The connector assembly has the advantage that the position deviations between the inverter busbar and the electrical connector can be compensated without the use of wires. Wires are vulnerable to vibrations induced for example from the drive unit itself or by vehicle movement limiting the lifetime of the connector assembly. Furthermore, the connector assembly induces no static loads on the inverter busbar after connecting the intermediate busbar to the inverter busbar. Tensioning of the inverter busbar in a direction parallel to the longitudinal axis of the positioning pin is avoided by the slidable arrangement of the positioning pin respectively the carrier. Tensioning of the inverter busbar in a direction radial to the longitudinal axis of the positioning pin is avoided through the radial clearance between the first fastening element and the hole of the first terminal. Furthermore, additional external loads on the connector assembly such as vibrations will be borne by the positioning pin.
In the context of the present disclosure a radial clearance relative to the longitudinal axis of the positioning pin between the first fastening element and the hole of the first terminal shall be understood to include any clearance between the first fastening element and the hole of the first terminal in a plane extending radially to the longitudinal axis of the positioning pin.

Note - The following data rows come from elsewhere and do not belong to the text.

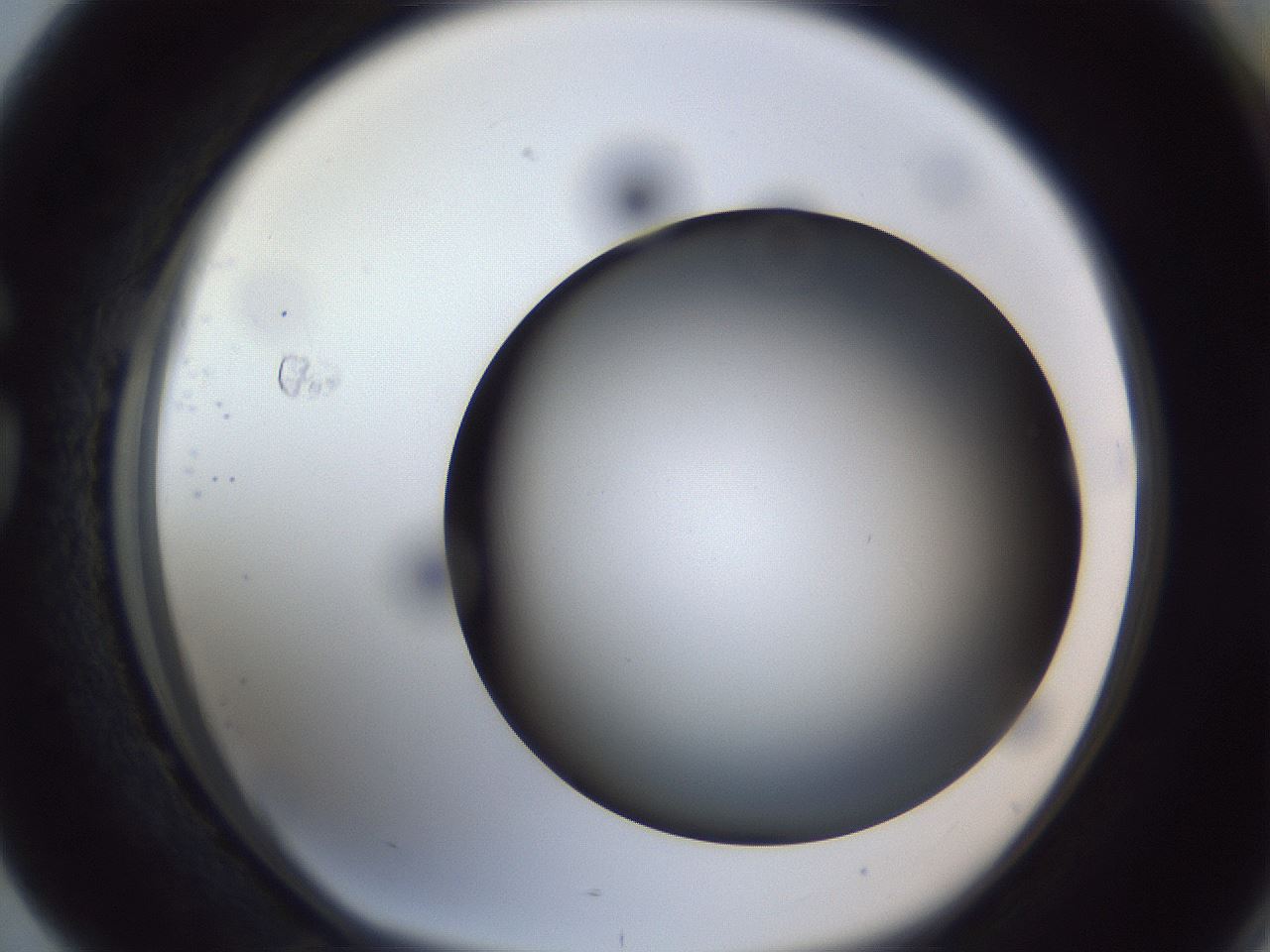 folderID305_plateID1305_batchID4293_wellNum76_profileID1_d1_r77891_ef.jpg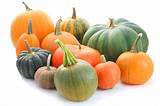 Names of food crops pumpkins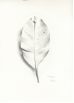 leaf-2 '06.jpg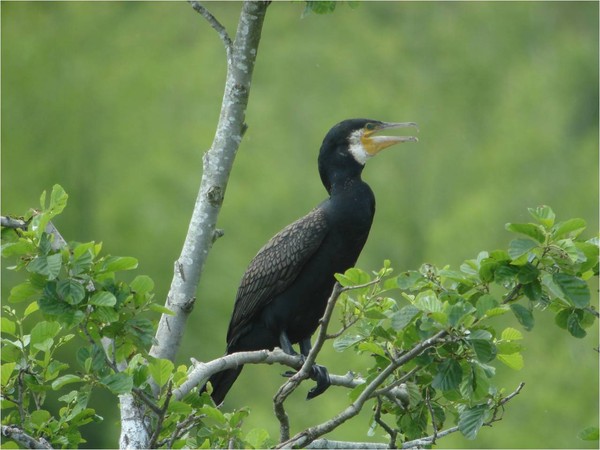 Superbe image d'oiseaux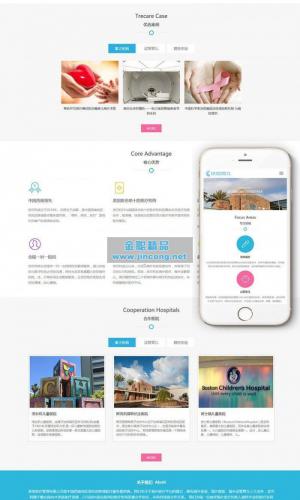 响应式试管婴儿医疗机构网站源码 织梦模板 (自适应手机移动端)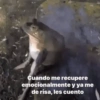 Animales Random 2🌸💥 12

In the context of the present disclosure a busbar is meant to include an electrically conductive strip or bar that can be considered as reasonably stiff, in particular as stiff compared to a wire. Furthermore, a hole shall be understood to mean any opening extending through an element, wherein the opening can have a closed profile such as a bore or an open profile in a radial direction relative to a longitudinal axis of the hole such as a slot or a recess.
Moreover, the locating pin can have any cross-sectional profile that allows the locating pin to slide inside a receptacle along its longitudinal axis. For example, the locating pin can have a round, oval or rectangular cross-sectional profile. It is also conceivable that the cross-sectional profile of the locating pin is crescent-shaped or has a shape of a curved rectangular. The span from one end of the cross-sectional profile to another end can be larger than the extent of the locating pin in the direction of the longitudinal axis.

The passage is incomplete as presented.